Les faucons, bénédiction contre les pigeons

On observe aussi, en Région bruxelloise, plus d’une centaine d’oiseaux nicheurs indigènes, dont des éperviers et une dizaine de couples de faucons pèlerins. « Pour eux, la capitale présente l’avantage d’avoir de hauts édifices, comme la cathédrale Saint-Michel, au sommet desquels ils peuvent nicher et d’où ils partent à la chasse », remarque Corentin Rousseau, directeur de la Ligue royale belge pour la protection des oiseaux.

Un jeune faucon crécerelle. Cette espèce est présente localement à Bruxelles.
Un jeune faucon crécerelle. Cette espèce est présente localement à Bruxelles.© LRBPO

« Les faucons sont considérés comme une bénédiction, car ils se nourrissent notamment de pigeons, surabondants en ville, où ils font des dégâts, en particulier aux églises », signale Alain Paquet, de Natagora. »Des personnes qui ont installé des mangeoires pour nourrir des mésanges et des verdiers se plaignent parfois de la présence d’éperviers, qui attrapent ces petits oiseaux », constate Corentin Rousseau.
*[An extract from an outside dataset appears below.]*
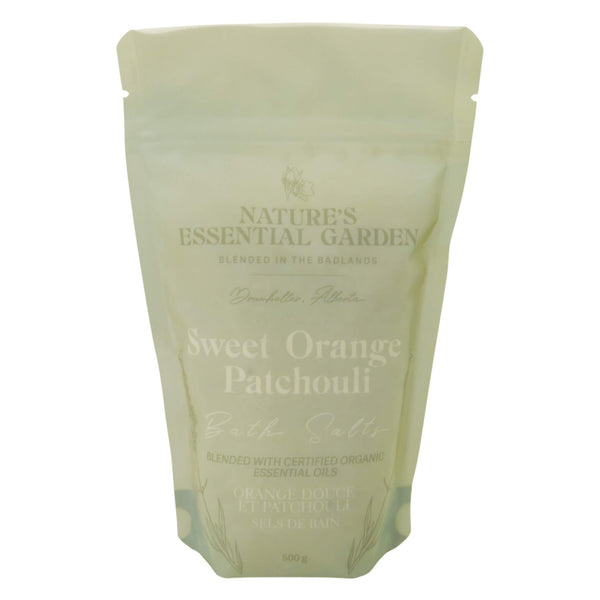 Bag of Nature's Essential Garden Sweet Orange Patchouli Certified Organic Mineral Salts 500g
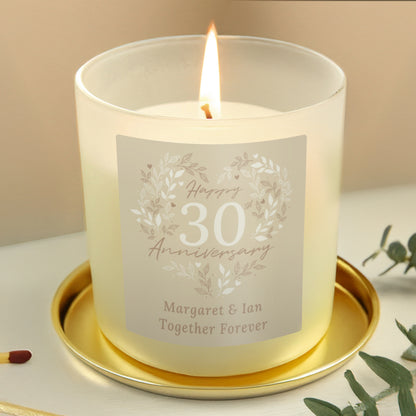 Personalised 30th Pearl Wedding Anniversary Candle Jar - MK&JD Gifts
Plus de 10 000 perruches !

Par ailleurs, plus de 10 000 perruches à collier, animaux exotiques devenus indigènes, ont envahi des parcs, notamment à Koekelberg et à Uccle. « L’impact des espèces exotiques sur la biodiversité indigène est une question sujette à polémiques, reconnaît Alain Paquet. A ce stade, aucune étude n’a pu démontrer que la présence de ces perruches avait un effet négatif sur les autres espèces d’oiseaux cavernicoles, comme le pic, la sittelle ou le pigeon colombin. » Corentin Rousseau explique : « L’offre de cavités est abondante dans les parcs de Bruxelles, qui comptent beaucoup de vieux arbres. Il y a donc de la place pour tous les oiseaux. »

Le documentaire Bruxelles sauvage, faune capitale, consacré à ce sujet, sera diffusé le 5 avril à 13h30 sur la Une. Rediffusion le 10 avril à 22h20 sur la Trois. Quelques séquences du film seront commentées dans le Jardin Extraordinaire du 29 mars, à 20h15.